Description:
Collaborates with Agile squads/developers, sustain and business partners and provides significant contributions to develop specifications to resolve problems, and to address enhancement needs focusing in areas of logging, monitoring, and metrics for operational readiness
- Uses technical knowledge, creativity, and company practices to drive down occurrences of incidents through the development of proactive monitoring and alerting.
- Provide attention to incidents according to Service Level Agreements.
- Provide continuous feedback to development teams on system stability, defect analysis, and system enhancements
- Work with IT business and development partners to gather input to develop new capabilities in displaying/monitoring/alerting on key performance indicators (KPIs) by tracking business transactions (BT) in real-time
- Take ownership and accountability for the incident resolution process, participating in RCA and SWAT investigations.
- Plan for validation and verification of changes deployed by infrastructure teams, and development teams.
- Participate in day-to-day real-time technical support and troubleshooting on issues reported from the user/customer base.
- Establish and maintain a good relationship with team members, Product Development, Product management, Customer Service, Client management, and other cross-functional teams.
- Participate in training and information-sharing activities.
- Act as backup for other team members when necessary.
- Requires rotating shift work as needed.
- On-call rotation is required, as 7x24x365 support is required.
What It Takes
- Deep understanding of Linux systems
- Hands-on experience with cloud infrastructure; Google, AWS, or Azure a plus
- Experience with PaaS technologies such as Cloud Foundry, Kubernetes, and Bosh.
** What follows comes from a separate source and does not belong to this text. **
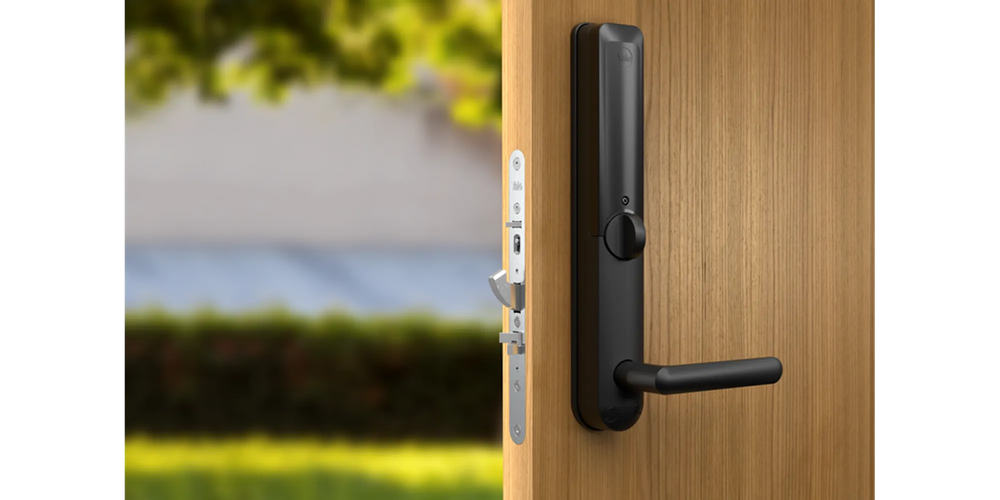 black-on-wood-door-L3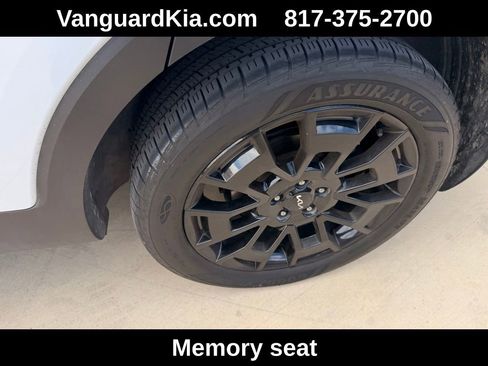 Used 2022 Kia Telluride SX w/ SX Prestige Package image 9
- Experience with Continuous delivery tools like Ansible, Rundeck, or Argo CD to set up automated pipelines as needed.
- Experience in supporting middleware technologies such as Apache, Tomcat, and Spring.
- Experience with at least one scripting language such as shell, Perl, python, javascript, etc…
- Experience with installing and configuring Apache and Tomcat.
- Deep expertise in Monitoring distributed systems application architectures and the ability to correlate environment conditions and metrics to application events.
- Experience with APM tools such as Newrelic, Dynatrace, or AppDyanmics.
- Experience with monitoring tools such as Zabbix or check_mk.
- Strong understanding of ITIL principles, certification is a plus.
- Proven problem-solving and analytical ability.
- Excellent organizational/time management skills.
- A proven record of being able to work independently and collaboratively.